Trois jours après la dure opération obstétricale qui a donné naissance à l’Accord politique de Ouagadougou, le pouvoir malien est en train de se préparer sur les modalités du déploiement de l’armée à Kidal.Le président Dioncounda Traoré est, en effet, en conclave avec la hiérarchie militaire pour arrêter la matrice d’une cohabitation à risque entre 4 groupes dans cette localité septentrionale : le MNLA, l’armée française, les éléments de la MINUSMA et ceux de la MISMA.
Autant dire qu’après la signature du document dans la capitale burkinabè, on trace à présent, avec tact, les linéaments de la mise en œuvre de ce modus vivendi.
Mais comme on l’a déjà mentionné, il va de l’Accord de Ouaga comme de tout autre Accord : c’est à l’épreuve du terrain que l’on mesure la solidité du consensus et la volonté des protagonistes de s’y conformer. Autant dire qu’en l’espèce, le plus difficile reste à venir au regard de la ligne de feu et de haine qui sépare Bamako de Kidal.
En attendant de connaître ce qu’il adviendra de ce document, s’il y a bien une personne qui peut légitimement estimer qu’il a remporté une victoire, certes, d’étape, mais une victoire tout de même, c’est bien le médiateur attitré de la CEDEAO, Blaise Compaoré.
Après le Niger dans les années 90, le Togo en 2005, la Côte d’Ivoire en 2006, la Guinée en 2010, c’est au tour des Maliens d’aboutir à une solution médiane dont l’artisan principal est le président du Faso.
Un Blaise Compaoré qui, in petto, boit du petit lait quand il ressasse les péripéties qui ont jalonné l’avènement de cet accord, tel par exemple ce sommet extraordinaire de la CEDEAO à Yamoussoukro, au cours duquel ses homologues béninois et ivoirien étaient partisans de la politique du bâton alors que lui, sans doute instruit par son leg militaire, tempérait les ardeurs de ces va-t-en- guerre. Moralité de cette prudence décriée à l’époque par certains, dont des souverainistes maliens qui brûlaient d’envie de se revancher d’un des groupes armés : on ne combat pas “les hommes bleus” comme dans une guerre conventionnelle.
Il aura eu le nez creux, et quoi qu’on dise, sa stature de médiateur sous-régional est établie, même s’il faut attendre dans le cas malien, de voir si les jointures de cet accord tiendront la route, jalonnée d’obstacles de toute nature.
Alors, nimbé d’une nouvelle victoire diplomatique, à quels dividendes le maître de Kosyam peut-il s’attendre ? Sans doute il n’hésitera pas, et c’est de bonne guerre, à marchander toutes ces nuits sans sommeil dans les sables mouvants du Mali septentrional. Un retour sur investissement, comme on le dit dans le milieu des affaires.

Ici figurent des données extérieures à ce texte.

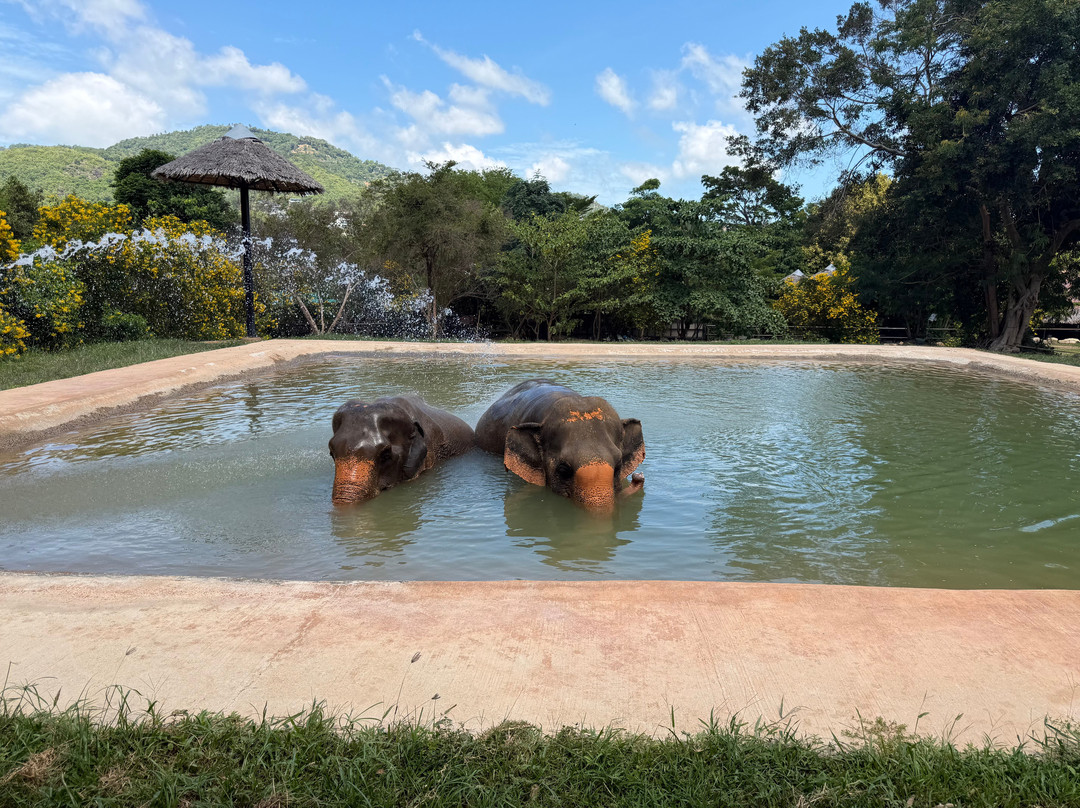 Samui Elephant Sanctuary-波普特必去景点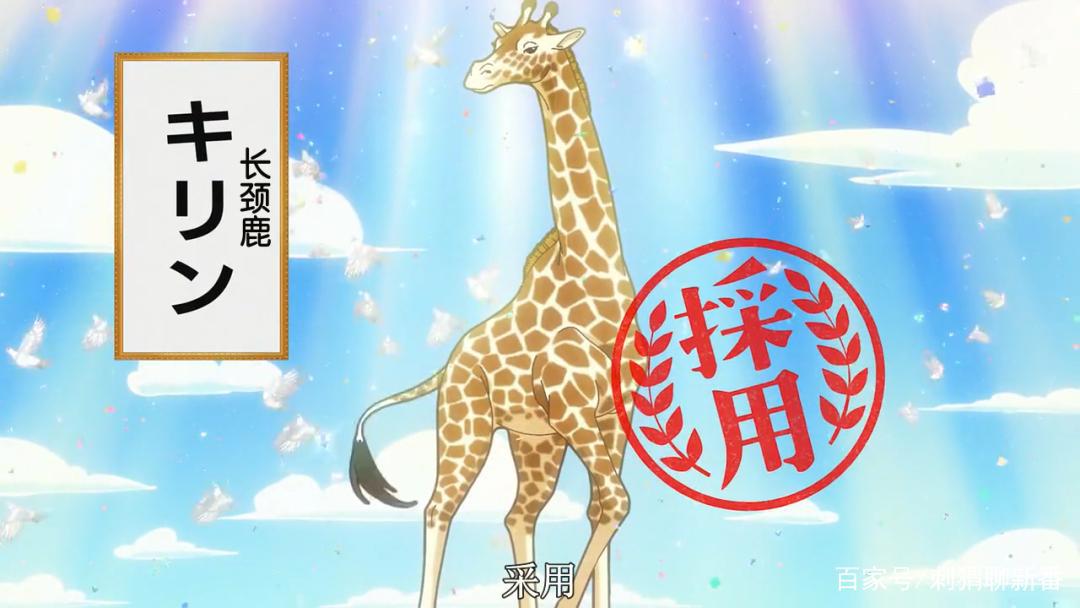 新番点评：天地创造设计部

Mais à quelles fins?
A l’extérieur, Blaise Compaoré sort auréolé faiseur de paix, et fera sans doute peser la voix du Burkina dans certaines instances surtout en matière de sécurité sahélo-saharienne.
De façon institue personae, le chef de l’Etat burkinabè étoffe sa carapace de leader sous-régional, ce que jalousaient sans doute certains de ses pairs qui auraient préféré le voir ici en treillis militaire plutôt que dans la tunique d’apôtre de la paix.
Va-t-il captaliser tous ces acquis politiques et diplomatiques pour s’ouvrir davantage les portes de médiateur international estampillé “ONU” par exemple, au terme de son ultime mandat dont l’échéance est prévue pour 2015 ? Ou plutôt va-t-il, comme le suspectent d’aucuns, s’en servir auprès de la Communauté internationale, la France en particulier, à des desseins politiques au plan national ?
Car les victoires gagnées à l’extérieur valent également leur pesant d’or à l’interne. Elles peuvent naturellement servir des causes politiques, tout dépend dans quelle direction on veut aller.
Eligible, mais non encore élu, au prix Houphouët-Boigny, Blaise devrait être, selon certains, sur la liste des lauréats de cette distinction, mais pas sur ceux du suédois Alfred, “hors de sa portée à cause de son passé”, selon ses contempteurs. Bref, cette médiation réussie semble être pain bénit pour “l’apôtre de la paix”, qui savoure sa satisfaction face à ceux qui la qualifiait de la médiation de trop.